ADRIFT WITH WILLIAM WILLIS IN THE GOLDEN AGE OF RAFTING

Some readers will admire Willis’s courage; others will lament his foolhardiness. All will be vastly entertained.

Was William Willis, who went rafting across the Pacific alone in 1954, the avatar of today’s extreme sports aficionados—or simply out of his mind?

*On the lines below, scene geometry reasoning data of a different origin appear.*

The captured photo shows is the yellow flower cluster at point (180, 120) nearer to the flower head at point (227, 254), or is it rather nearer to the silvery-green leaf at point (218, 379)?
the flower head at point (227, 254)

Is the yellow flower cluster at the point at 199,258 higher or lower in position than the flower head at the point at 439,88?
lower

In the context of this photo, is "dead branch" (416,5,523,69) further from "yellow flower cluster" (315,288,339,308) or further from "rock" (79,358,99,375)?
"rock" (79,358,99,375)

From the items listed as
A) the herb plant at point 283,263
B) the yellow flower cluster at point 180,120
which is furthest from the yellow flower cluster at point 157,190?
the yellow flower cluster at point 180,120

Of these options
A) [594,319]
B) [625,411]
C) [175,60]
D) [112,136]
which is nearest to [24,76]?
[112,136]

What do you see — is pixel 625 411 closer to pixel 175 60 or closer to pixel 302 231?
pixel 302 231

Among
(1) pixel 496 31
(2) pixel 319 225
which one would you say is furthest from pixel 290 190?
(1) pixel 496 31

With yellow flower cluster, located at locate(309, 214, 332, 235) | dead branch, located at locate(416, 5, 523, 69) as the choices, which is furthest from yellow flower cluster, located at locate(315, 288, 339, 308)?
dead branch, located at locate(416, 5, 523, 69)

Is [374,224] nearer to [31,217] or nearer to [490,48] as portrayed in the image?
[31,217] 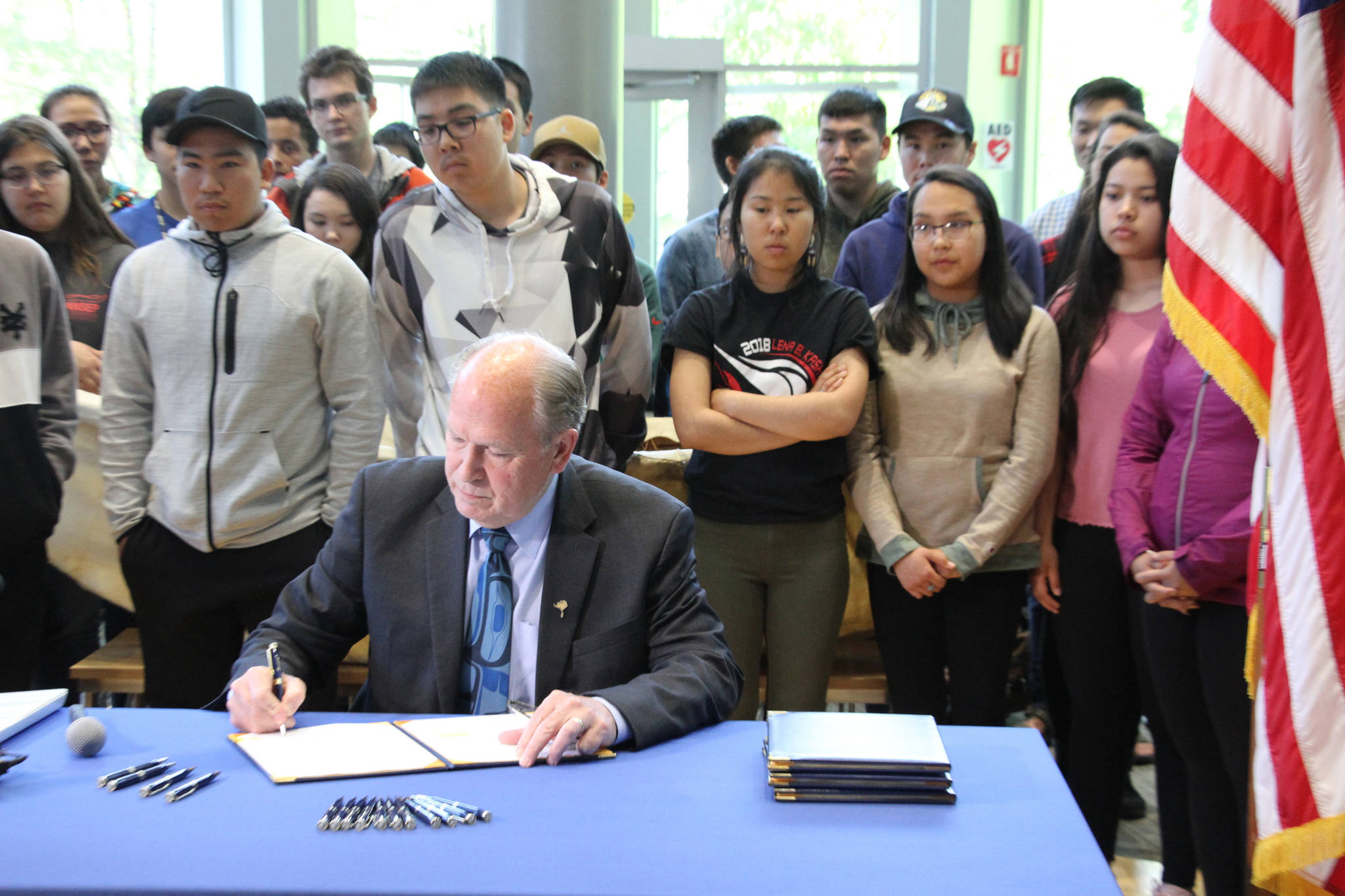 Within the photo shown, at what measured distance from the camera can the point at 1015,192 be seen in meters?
9.12

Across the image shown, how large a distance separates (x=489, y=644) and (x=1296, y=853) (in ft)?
4.68

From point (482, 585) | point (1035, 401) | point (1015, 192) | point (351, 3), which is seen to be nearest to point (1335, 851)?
point (1035, 401)

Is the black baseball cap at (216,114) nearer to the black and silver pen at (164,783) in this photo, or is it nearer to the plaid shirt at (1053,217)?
the black and silver pen at (164,783)

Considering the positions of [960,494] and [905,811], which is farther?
[960,494]

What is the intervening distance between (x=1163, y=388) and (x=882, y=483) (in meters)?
0.70

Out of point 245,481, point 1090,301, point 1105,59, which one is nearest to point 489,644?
point 245,481

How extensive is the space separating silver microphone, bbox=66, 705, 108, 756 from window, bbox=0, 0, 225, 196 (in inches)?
239

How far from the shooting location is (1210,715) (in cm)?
247

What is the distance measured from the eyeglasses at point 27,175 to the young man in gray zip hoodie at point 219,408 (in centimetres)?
65

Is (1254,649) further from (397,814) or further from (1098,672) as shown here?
(397,814)

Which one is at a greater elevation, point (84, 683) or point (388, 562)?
point (388, 562)

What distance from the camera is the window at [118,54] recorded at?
6996mm

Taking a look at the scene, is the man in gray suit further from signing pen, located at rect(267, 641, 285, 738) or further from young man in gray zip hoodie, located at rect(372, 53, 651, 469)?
young man in gray zip hoodie, located at rect(372, 53, 651, 469)

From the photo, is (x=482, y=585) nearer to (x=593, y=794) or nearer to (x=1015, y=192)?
(x=593, y=794) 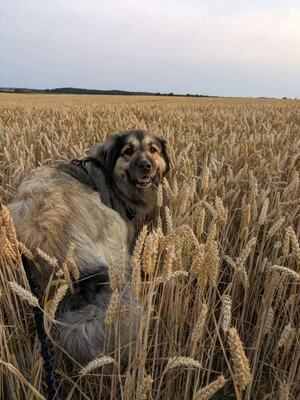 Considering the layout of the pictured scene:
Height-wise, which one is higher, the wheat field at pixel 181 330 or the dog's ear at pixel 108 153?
the dog's ear at pixel 108 153

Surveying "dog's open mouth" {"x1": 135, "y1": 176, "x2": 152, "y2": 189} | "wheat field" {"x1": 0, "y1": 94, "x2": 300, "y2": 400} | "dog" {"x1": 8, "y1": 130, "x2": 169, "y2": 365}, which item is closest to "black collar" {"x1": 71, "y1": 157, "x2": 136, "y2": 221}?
"dog" {"x1": 8, "y1": 130, "x2": 169, "y2": 365}

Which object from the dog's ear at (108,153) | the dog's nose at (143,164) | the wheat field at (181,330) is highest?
the dog's ear at (108,153)

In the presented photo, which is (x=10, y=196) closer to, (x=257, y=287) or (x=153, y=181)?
(x=153, y=181)

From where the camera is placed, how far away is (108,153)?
4.06 meters

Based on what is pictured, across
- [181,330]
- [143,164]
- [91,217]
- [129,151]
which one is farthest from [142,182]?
[181,330]

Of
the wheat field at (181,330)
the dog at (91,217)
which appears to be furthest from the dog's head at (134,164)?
the wheat field at (181,330)

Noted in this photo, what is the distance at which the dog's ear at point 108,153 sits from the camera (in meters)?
4.05

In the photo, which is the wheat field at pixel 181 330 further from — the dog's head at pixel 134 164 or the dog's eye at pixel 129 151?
the dog's eye at pixel 129 151

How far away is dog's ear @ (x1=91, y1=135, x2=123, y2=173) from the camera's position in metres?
4.05

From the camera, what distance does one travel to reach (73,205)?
2652 mm

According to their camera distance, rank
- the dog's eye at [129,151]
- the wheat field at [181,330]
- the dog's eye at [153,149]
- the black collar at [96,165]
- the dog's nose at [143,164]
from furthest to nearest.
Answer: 1. the dog's eye at [153,149]
2. the dog's eye at [129,151]
3. the dog's nose at [143,164]
4. the black collar at [96,165]
5. the wheat field at [181,330]

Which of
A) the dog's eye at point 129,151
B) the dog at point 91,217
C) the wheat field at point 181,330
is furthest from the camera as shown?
the dog's eye at point 129,151

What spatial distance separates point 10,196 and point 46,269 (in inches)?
56.5

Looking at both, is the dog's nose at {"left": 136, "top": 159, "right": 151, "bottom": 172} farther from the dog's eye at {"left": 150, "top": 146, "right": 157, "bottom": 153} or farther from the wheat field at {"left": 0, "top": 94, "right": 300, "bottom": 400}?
the wheat field at {"left": 0, "top": 94, "right": 300, "bottom": 400} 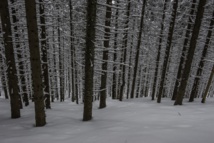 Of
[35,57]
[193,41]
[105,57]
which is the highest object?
[193,41]

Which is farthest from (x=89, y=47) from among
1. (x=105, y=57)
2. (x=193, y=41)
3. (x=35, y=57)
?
(x=193, y=41)

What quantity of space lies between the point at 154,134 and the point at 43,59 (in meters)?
9.51

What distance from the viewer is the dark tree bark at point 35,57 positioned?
626cm

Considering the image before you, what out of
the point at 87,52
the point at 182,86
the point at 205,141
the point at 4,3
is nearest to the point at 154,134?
the point at 205,141

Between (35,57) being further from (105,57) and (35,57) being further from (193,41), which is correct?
(193,41)

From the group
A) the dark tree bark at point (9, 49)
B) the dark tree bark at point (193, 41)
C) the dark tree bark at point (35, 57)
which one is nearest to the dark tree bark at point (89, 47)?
the dark tree bark at point (35, 57)

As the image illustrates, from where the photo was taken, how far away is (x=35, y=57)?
6.63m

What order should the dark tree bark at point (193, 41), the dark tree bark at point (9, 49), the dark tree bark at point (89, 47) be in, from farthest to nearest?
the dark tree bark at point (193, 41) → the dark tree bark at point (9, 49) → the dark tree bark at point (89, 47)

Thor Heyerdahl’s 1947 Pacific crossing in a balsa raft, immortalized in his classic documentary Kon-Tiki, inspired numerous imitators. In his first nonfiction foray, novelist Pearson (Glad News of the Natural World, 2005, etc.) refers to Heyerdahl and such subsequent transoceanic rafters as Alain Bombard, Eric de Bisschop and DeVere Baker, but his narrative concentrates mainly on the life and adventures of William Willis, who died in 1968 attempting a solo crossing of the Atlantic at age 75. The wonder is that he lived so long. German-born Willis began his seagoing life as a 15-year-old deck boy. He jumped ship in Texas two years later and spent nearly two decades roaming across America, in 1926 winding up in Manhattan and educating himself at the New York Public Library. Through the years, Willis held more than 50 jobs and authored books and poems all of which were rejected by publishers. In 1938, he traveled to the notorious Devil’s Island and successfully freed a prisoner, the son of his Manhattan landlady. This incident offered a preview of the impulsiveness, bad planning and almost criminal negligence that characterized Willis’s decision at age 60 to cross the Pacific on a raft, simply to see if he could do it. Miraculously, he did it twice. These voyages, during which everything but the result went wrong, form the heart of Pearson’s look at a man whose odd dietary notions, novel fitness regimen, frugal lifestyle and almost mystical belief made him a crackpot by most 1950s estimates.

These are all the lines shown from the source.